**Exercise details**.
Using only the entries below, output the lines starting at the one containing "3 in 1 Combo" and ending at the one containing "Läderjacka (Brun) från", exactly and inclusive of both, omitting the pictures.

**Data**.
====================
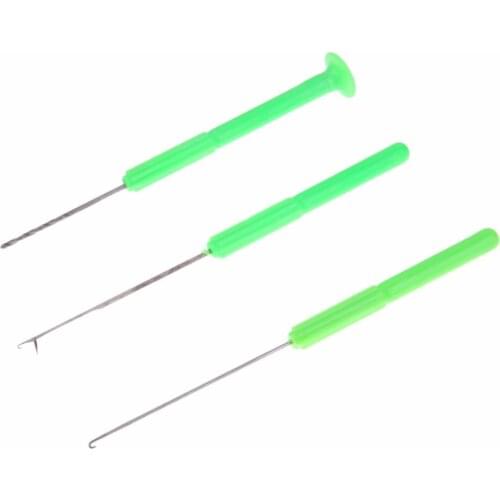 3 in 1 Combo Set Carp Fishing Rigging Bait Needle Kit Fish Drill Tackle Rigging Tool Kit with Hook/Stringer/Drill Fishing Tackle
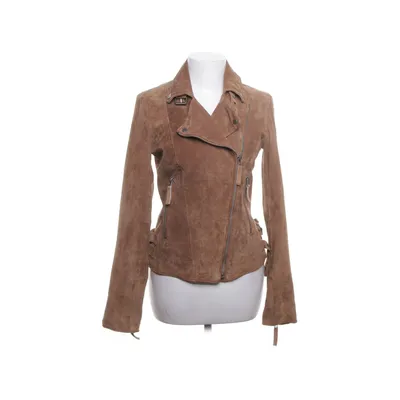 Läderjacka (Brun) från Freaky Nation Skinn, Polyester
====================
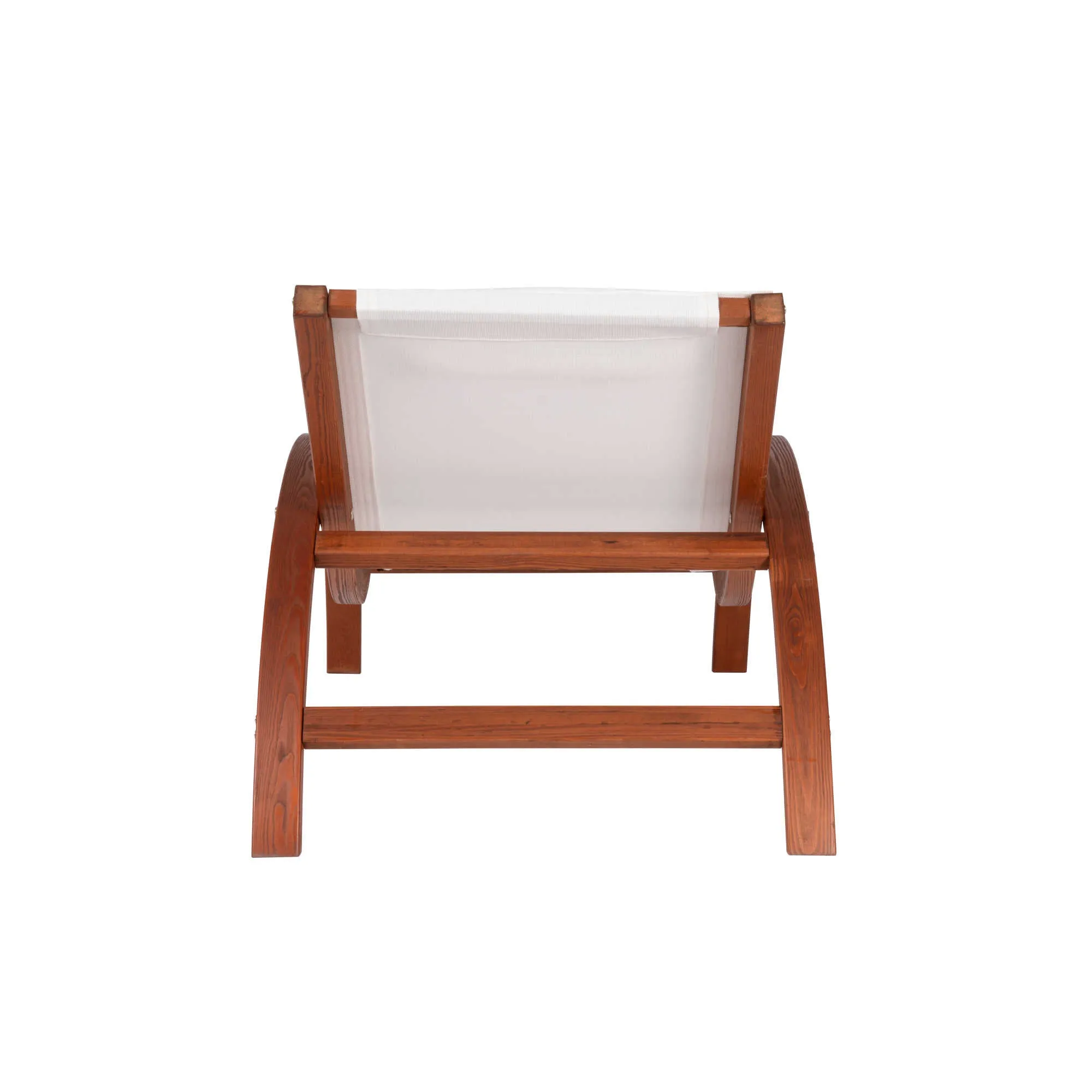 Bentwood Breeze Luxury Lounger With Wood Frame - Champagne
====================
**Solved problem**.
 3 in 1 Combo Set Carp Fishing Rigging Bait Needle Kit Fish Drill Tackle Rigging Tool Kit with Hook/Stringer/Drill Fishing Tackle
 Läderjacka (Brun) från Freaky Nation Skinn, Polyester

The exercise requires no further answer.